Lionel : Moi, au fond, je ne suis pas du tout fan de ces histoires de reventes d’occasions numériques. Pourquoi ? Parce que, déjà, c’est consubstantiellement lié aux DRM.

Olicat : En fait, c’était une question que je voulais te poser, le problème des livres que tu échanges et les DRM dedans ?

Lionel : Toi tu as une copie. Toi tu vas dire « moi je veux revendre ma copie, etc. », mais qui me garantit que je n’en garde pas une ? Si j’en garde une ! Voilà ! Donc du coup, le seul moyen de garantir que tu ne gardes pas une de tes copies sur ton ordinateur, c’est d’avoir un DRM qui, soi-disant, garantirait que tu as bien effacé toute copie du logiciel.

Olicat : Donc sous couvert d’une liberté acquise ce serait de nouvelles menottes qu’on serait obligés de porter.

Lionel : Tout à fait. Et tu as Apple et Amazon qui ont déjà déposé des brevets sur des systèmes qui garantiraient soi-disant la copie, l’occasion numérique sans conservation de copie. Ça, ça veut dire, en fait, qu’ils vont mettre un mouchard dans ton ordinateur.

Olicat : Qui va prouver que tu n’as pas conservé de copie.
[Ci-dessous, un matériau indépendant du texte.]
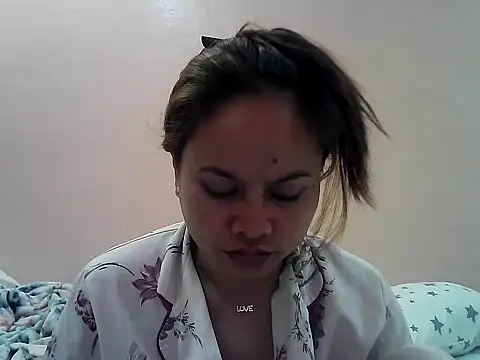Snapshot of Amarrahlyn chatting on October 9, 2025, 9:35 pm Amarrahlyn online show from October 9, 2025, 9:35 pm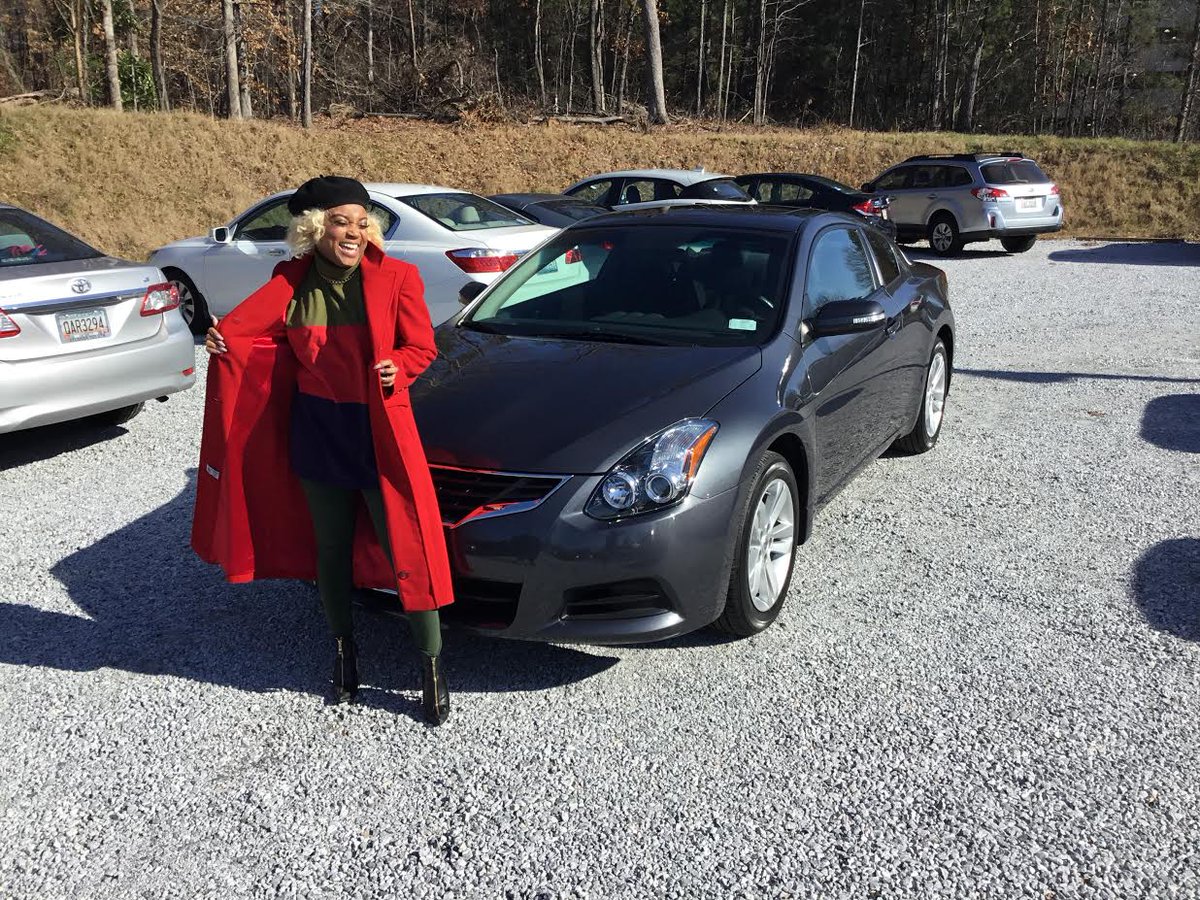 Carvana's tweet photo. Sean and Quinn, of our #ATL office, delivered Carlea her new #AltimaCoupe... and in return Carlea named her car after them for providing an exceptional customer experience! We can't wait to see "Sequin" hit the road! #DitchTheDealerShip #TheNewWayToBuyACar https://t.co/GtptBXqzOY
Lionel : Moi déjà, rien que pour ça, je trouve que le concept est un peu moisi !

Olicat : C’est clair !

Lionel : Et en plus de ça, moi je dis ça n’a pas de sens, parce que si tu es en possession d’une copie, la solution c’est le partage.

Olicat : Absolument.

Lionel : Si je veux te filer ma copie, je devrais pouvoir le faire. Comme quand j’ai un livre, je peux te donner le livre et te le prêter, eh bien je devrais pouvoir partager ma copie. Après dans quelles conditions, est-ce qu’il faut une compensation ou quoi, etc. ? Moi, je trouve que la vraie solution dans l’environnement numérique, où on est dans un environnement non rival.

Olicat : C’est le partage.

Lionel : C’est le partage. Donc trouvons une solution de rémunération peut-être pour les créateurs, mais arrêtons d’essayer de faire en sorte que les fichiers se comportent comme des objets, quoi !

Olicat : C’est ça.

Lionel : ce ne sont pas des objets.

Olicat : Eh bien merci pour ce commentaire autour de cette décision de la Cour de justice de l’Union européenne. On attend la prochaine.

Lionel : Ça ne saurait tarder.

19’ 40

Olicat : Ils sont vraiment actifs depuis leur retour de vacances et on est ravis.